Ban of contract labour may raise firms’ costs
Contract labours enjoy fewer privileges than regular employees, which can fuel conflict on the shop floor and spur discontent in industrial belts
New Delhi: Contract workers are an increasingly important component of India’s labour force. The latest data from the Annual Survey of Industries (ASI) suggests that more than half of the nation’s factory workers are employed on contract. They enjoy fewer privileges than regular employees, which can fuel conflict on the shop floor and spur discontent in industrial belts.
One obvious solution to avoid such problems is to simply ban firms from hiring contract workers for core activities. This is what Andhra Pradesh did in 2003 and new research suggests that while the ban did reduce contract employment, it also affected firm performance.
In a paper presented at a conference last month, Ritam Chaurey and Vidhya Soundararjan used plant-level ASI data between 1999 and 2008 to measure the impact of a reform in Andhra Pradesh which prohibited firms from engaging contract workers in their core activities. They compare firms’ employment data before and after the reform and then with neighbouring states.
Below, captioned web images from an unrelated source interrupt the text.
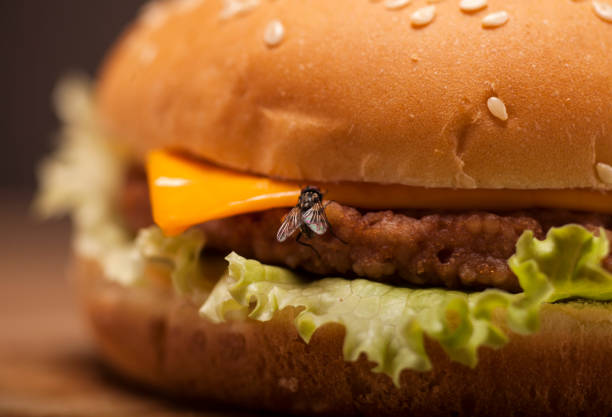 hamburguesa fresca con mosca - mosca insecto fotografías e imágenes de stock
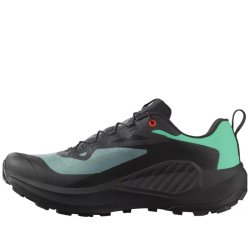 Кросівки Salomon Genesis GTX M - чорний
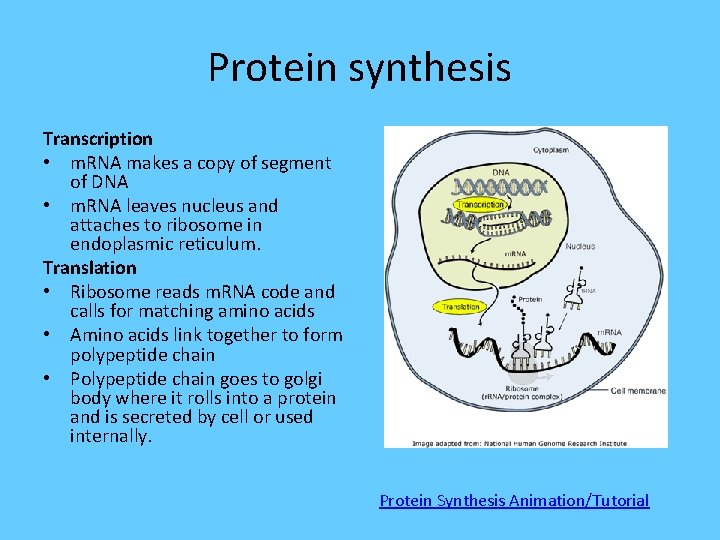 Protein synthesis Transcription • m. RNA makes a copy of segment of DNA •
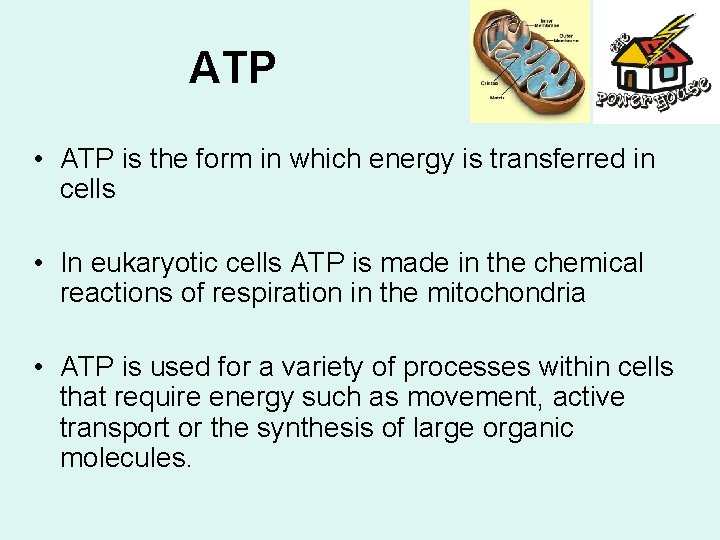ATP • ATP is the form in which energy is transferred in cells •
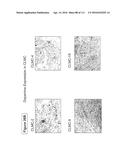 ISOLATION AND CULTIVATION OF STEM/PROGENITOR CELLS FROM THE AMNIOTIC     MEMBRANE OF UMBILICAL CORD AND USES OF CELLS DIFFERENTIATED THEREFROM diagram and image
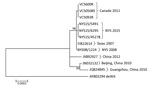 Thumbnail of Phylogenetic tree of human adenoviruses constructed using 7 sequences obtained from college students with influenza-like illness, New York, 2014–2015, and reference sequences of isolates from China (GenBank accession nos. JX892927, JN032132, and JQ824845); an isolate from Texas, USA (accession no. FJ822614); and the prototype strain, de Wit, from the Netherlands (accession no. AY803294). The tree was created by using the maximum-likelihood method based on the Kimura 2-parameter mode
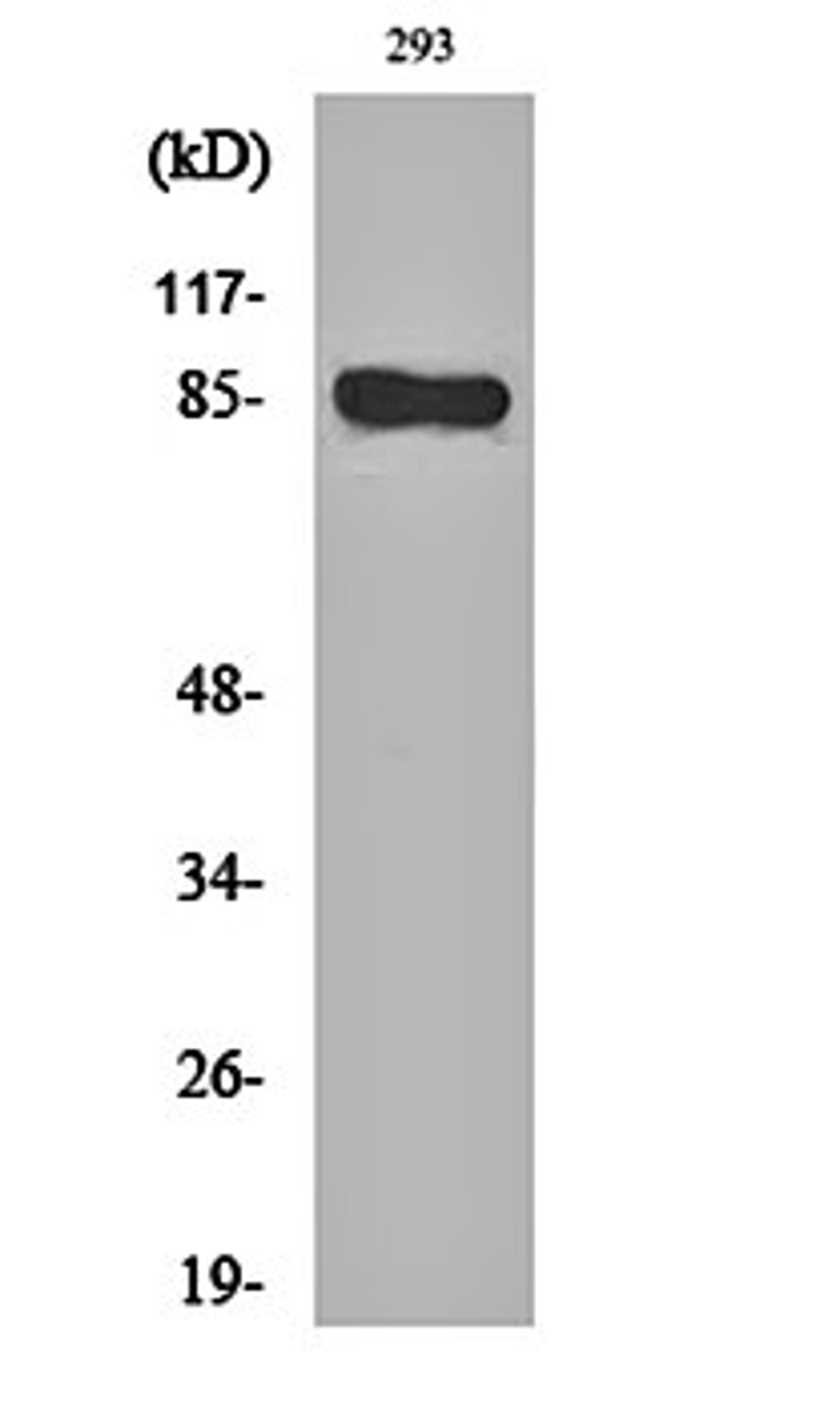 Western blot analysis of 293 cell lysates using BCSC-1 antibody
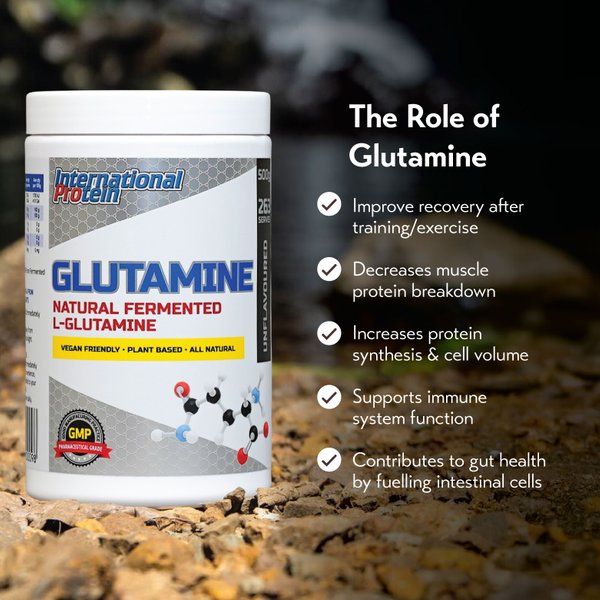 [Danial Azman Recommends] International Protein Glutamine (500g)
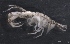  ( - SPCB-CC022)  @11 [ ] CreativeCommons - Attribution (2017) Alex Borisenko Centre for Biodiversity Genomics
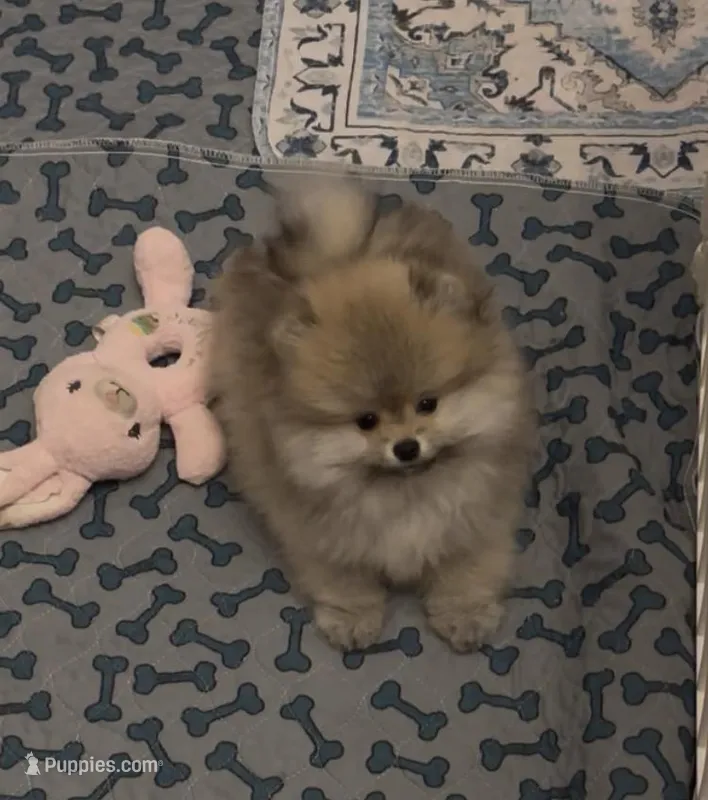 Orange sable boy  – Pomeranian puppy for sale in Geneseo, NY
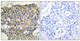 Anti-Phospho-EGFR-Tyr1016 antibody (986-1035 aa) (STJ91037) – Figure 1 of 1
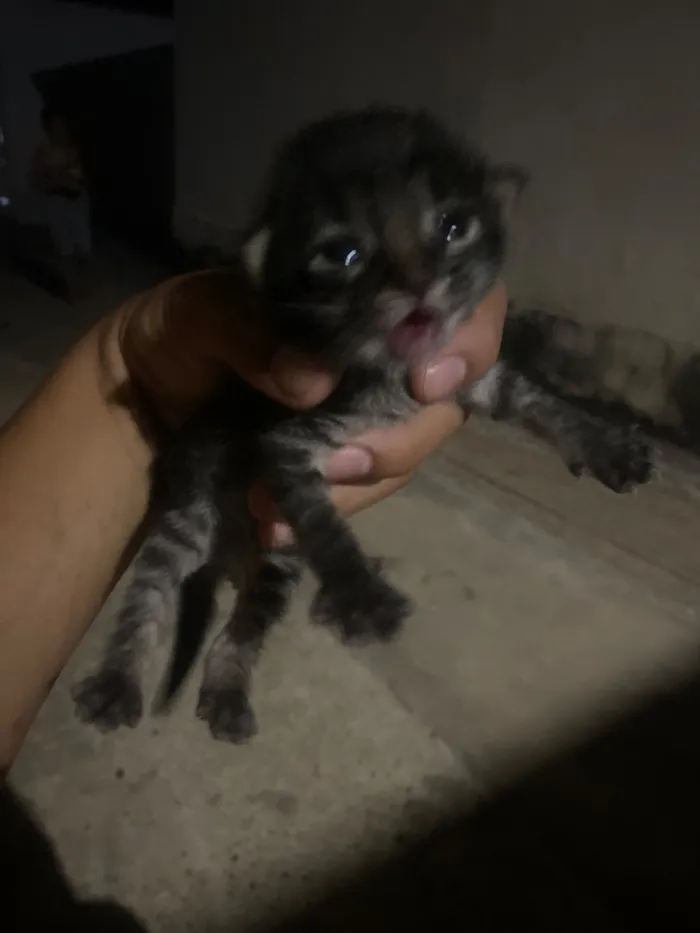 Gato raça SRD-ViraLata idade Abaixo de 2 meses nome Flash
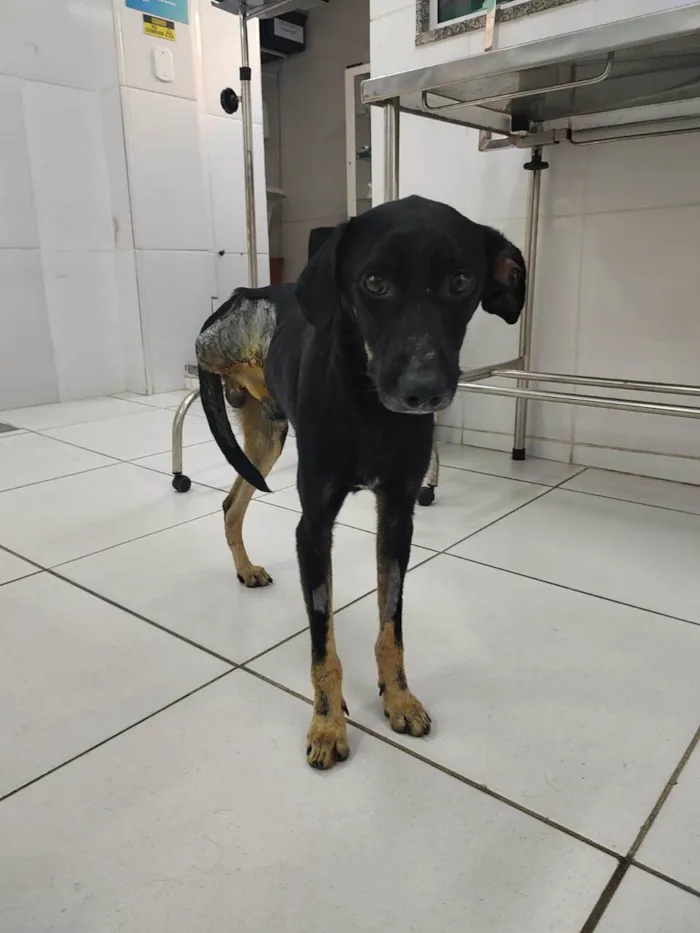 Cachorro ra a SRD-ViraLata idade 2 anos nome Guerreiro 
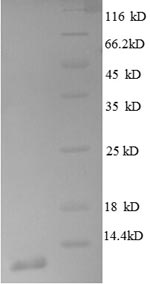 Greater than 90% as determined by SDS-PAGE.Recombinant E.Coli 50S Ribosomal Protein L30 (RPMD) Protein (His)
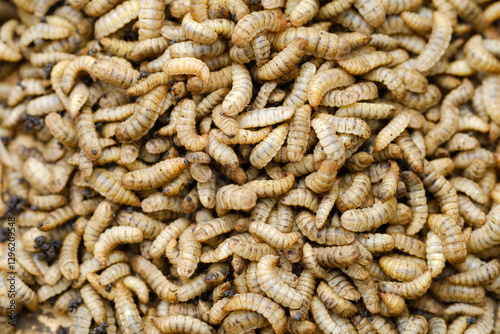 Black Soldier Fly Larvae (Hermetia illucens) or maggots are animals that are able to decompose organic waste, and are also commonly used as protein-rich animal feed.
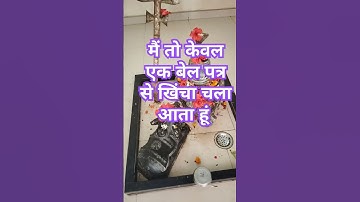 मैं तो केवल एक बेल पत्र से खिंचा चला आता हूं #shorts #trendding #yt #viralshort #devokedevmahadev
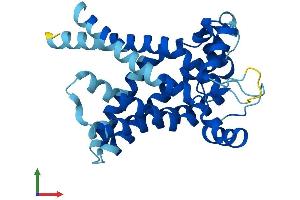AlphaFold protein structure predicition of Mouse Recombinant Slc25a21 Protein, UniprotID Q8BZ09 (SLC25A21 Protein (AA 1-298) (His tag))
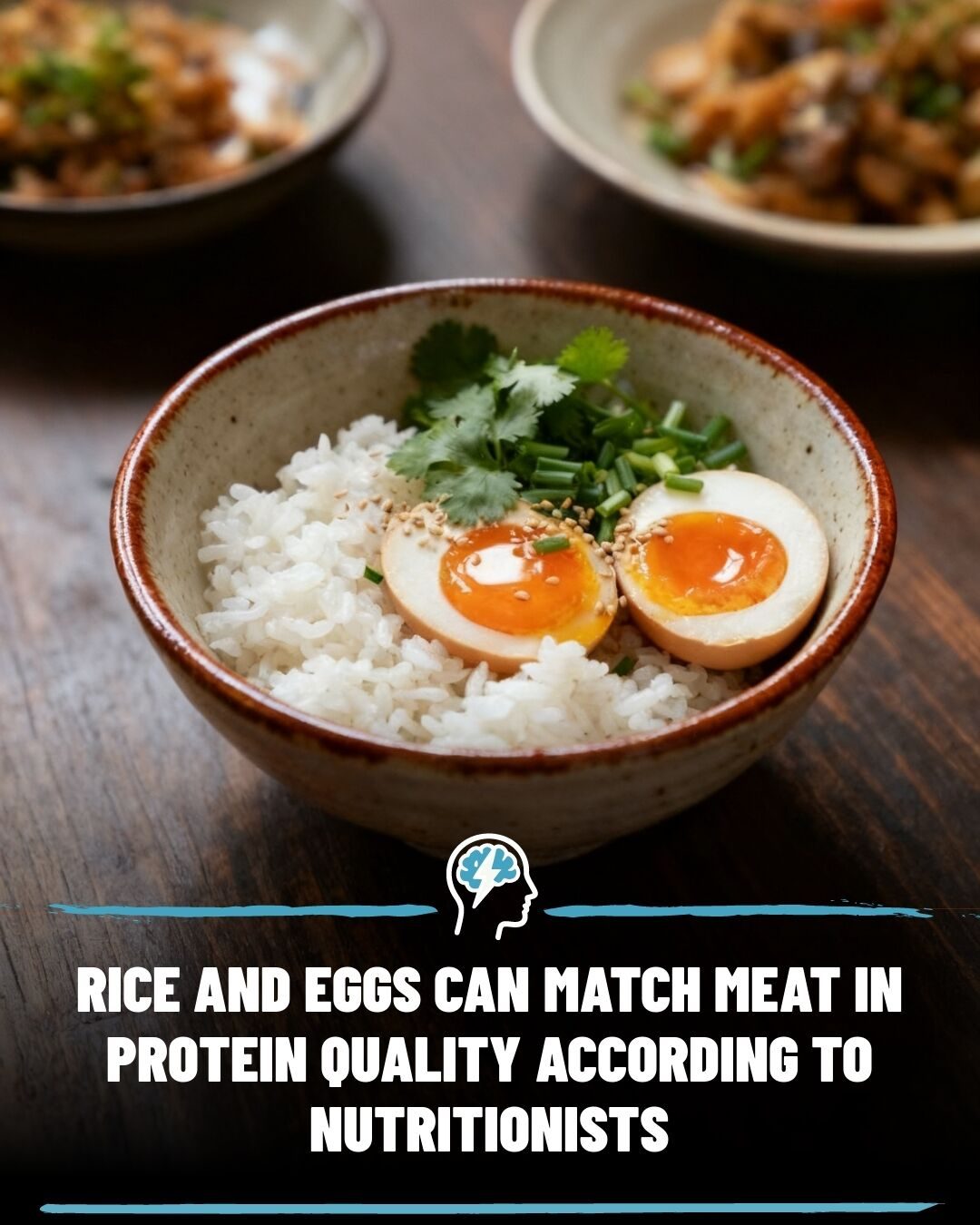 Rice and Eggs: A Protein-Packed Meal for A Balanced Diet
They find that the ban worked: contract workers usage fell as more regular workers were hired for firms’ core activities. Regular workers are usually more skilled than contract workers and to complement them, firms also invested more in plant and machinery. There was also a marginal increase in firm productivity. However, while capital investment and productivity increased, output went down and costs went up since regular employees cost more. As a result, revenue and profits declined. According to the authors, another way to improve employment protection and reduce contract worker hiring would be to change the cost of firing workers—but that, too, could affect firm’s performance. The authors suggest policymakers should take into account these impacts while designing or amending labour policies.